De son côté, la Russie a lancé une offensive majeure en Ukraine en direction de Kharkiv au moment même où Vladimir Poutine nommait un nouveau ministre de la Défense, Andreï Belooussov, spécialiste de l’industrie, indiquant ainsi l’importance de l’économie de guerre dans la stratégie russe qui se place clairement sur le long terme. Nul doute que le Kremlin cherche à obtenir un succès symbolique pour décourager les Européens avant les élections européennes et pour saper le soutien américain à l’Ukraine quelques mois avant l’élection présidentielle de novembre 2024. En parallèle, le Kremlin a multiplié les pressions pour que le parlement géorgien adopte une loi pro-russe qui stigmatise toute entité financée à plus de 20 % par des fonds étrangers, notamment les médias et les ONG. Cette loi visant à remettre en cause l’orientation pro-européenne de la Géorgie a suscité des manifestations monstres à Tbilissi. La présidente géorgienne pro-européenne Salomé Zourabichvili y a opposé son véto, aggravant ainsi la crise institutionnelle. La Géorgie vit en ce moment son Maïdan, loin des caméras européennes braquées sur l’Ukraine et Gaza, mais aussi sur Bruxelles puisque les pays de l’UE s’apprêtent à voter pour les élections européennes. La même indifférence internationale touche le Soudan (voir la carte du mois) qui s’enfonce pourtant dans une guerre civile qui est en train de provoquer « l’une des pires catastrophe humanitaire de mémoire récente » selon le bureau de l’ONU en charge des opérations humanitaire (OCHA).

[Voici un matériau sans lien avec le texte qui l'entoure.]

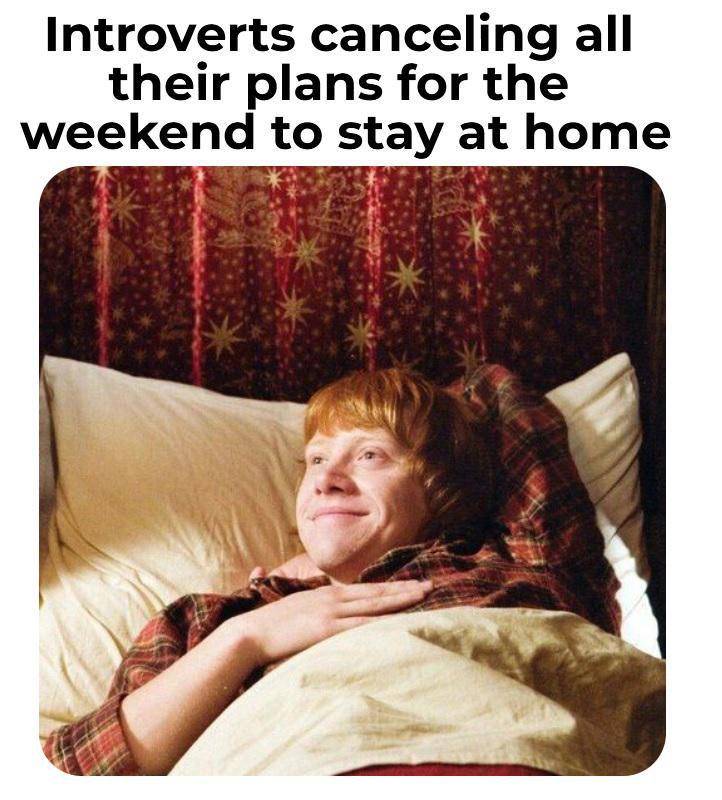 meme mending diam di rumah (reddit.com/NinchyFakinchy)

Les Français et les Européens doivent prendre en compte le fait que nombre de nos partenaires hors d’Europe, tout particulièrement au sud, adhèrent à des agendas souverainistes et traditionnalistes qui ne coïncident plus du tout avec les nôtres. Plus que leur naïveté présumée, le désavantage structurel des Européens est qu’ils s’interdisent de considérer les concepts utilisés à leur encontre par leurs adversaires et leurs compétiteurs : le phénomène religieux (lire l’article sur ce sujet) , le nationalisme assumé (en savoir plus) et l’imposition d’un rapport de forces. Il ne s’agit pas de faire l’éloge de ces concepts, mais de constater que ceux-ci font mouche dans les opinions publiques qui nous tournent le dos les unes après les autres.